The governors of Washington, Oregon and Idaho, whose states suffered a drop in vacation travel as a result of the publicity fallout after the mountain blew her top in May, felt the need to advertise in 11 U.S. newspapers: "Ashfall effects exaggerated . . . Traffic routes open . . . Don't let rumor ruin a vacation . . . call now."
And under a bold headline "What If It Happens Again?" the ad stated that while scientists don't believe Mount St. Helens is likely to repeat "the magnitude of her May 18 display . . . they disagree on whether she may burp more ash . . . Before you head our way, call the toll-free number . . . (1-800-426-8668 for Washington State) for the up-to-the-minute condition report." (Last Tuesday the mountain "burped" three times, sending a new cloud of ash drifting.)
In a further effort to counter a negative and incorrect impression that (as one Washington tourism spokesman put it) "the state was buried under six inches of ash" a group of about 60 journalists, magazine writers and broadcasters were recently given a 3-day tour of Washington and Oregon so they could see that most of those areas were "never affected." The trip was sponsored by United Air Lines in cooperation with the states and major corporations.
Also trying to dispel a negative image which they feel is unfair and causing many airline passengers to void flying in the DC-10, the McDonnell Douglas Corporation has published a booklet titled, "The DC-10 -- A Special Report."
It is "part of a multimillion dollar communications campaign aimed at making more widely known the findings of extensive investigations that have vindicated the safety and performance of the DC-10," according to the corporation which built the airliner.
Charles "Pete" Conrad, the former astronaut, who is now a McDonnell Douglas executive and principal spokesman in the campaign, said that "data to support the statements made in the booklet are readily accessible at the Federal Aviation Administration and the National Transportation Safety Board, the two organizations that have vindicated the DC-10."
A free copy of the booklet can be obtained by writing to Ralph Underdahl, Douglas Aircraft Co., 3855 Lakewood Blvd., Long Beach, Calif. 90846.
A third kind of image problem faces the Soviet Union, and those involved in sending visitors to that country at this time -- even a non-political, nonprofit organization like the Citizen Exchange Corps.
The U.S. boycott of the Moscow Summer Olympics in protest against the Soviet army's invasion of Afghanistan, eventually supported by many other nations, has caused thousands of American travelers to change their plans about visiting Russia this year.

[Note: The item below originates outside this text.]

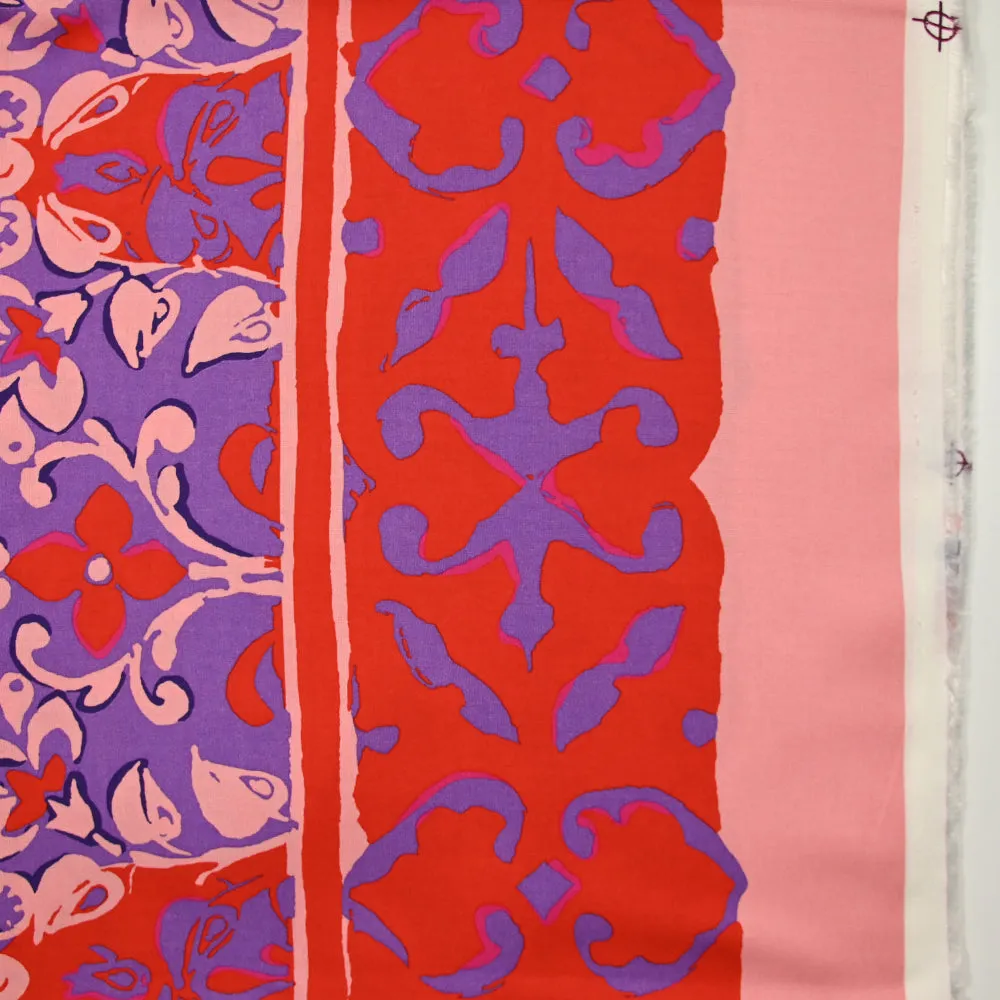 Viscose imprimée princesse mauve, rose et rouge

President Carter did not advocate a boycott of all travel to that country but, as one tour operator admitted March, "a de facto ban" was already in effect then due to strong feelings among American tourists.
Now the spectacle of massive Soviet security efforts at the Olympics, which not only eliminate any chance of anti-government political demonstrations but also any significant opportunity for contact between foreigner and Soviets, have added to the bitterness.
With the Kremlin issuing warnings to its citizens about foreign provocateurs bringing timebombs or anti-Soviet literature, it becomes under-standable why the Citizen Exchange Corps is having some difficulty getting enough Americans to sign up for its package trip to Siberia and Mongolia via the Trans-Siberia Railroad. The tour is scheduled to leave Sept. 15 from New York, and a spokesman acknowleged that the fallout from Afghanistan is "definitely affecting our efforts" to book the tour.
The CEC, at 18 East 41st St., New York 10017, has been working for 17 years "to improve understanding by bringing American and Soviet citizens together on a person to person level." In March, then Secretary of State Cyrus Vance told the CEC that "It remains our policy to encourage such private activities . . . we have sought to avoid dismantling the framwork of exchanges and cooperative activity developed with such great effort over the years." Vance noted with satisfaction that CEC was not planning "any travel to Moscow during the Olympics.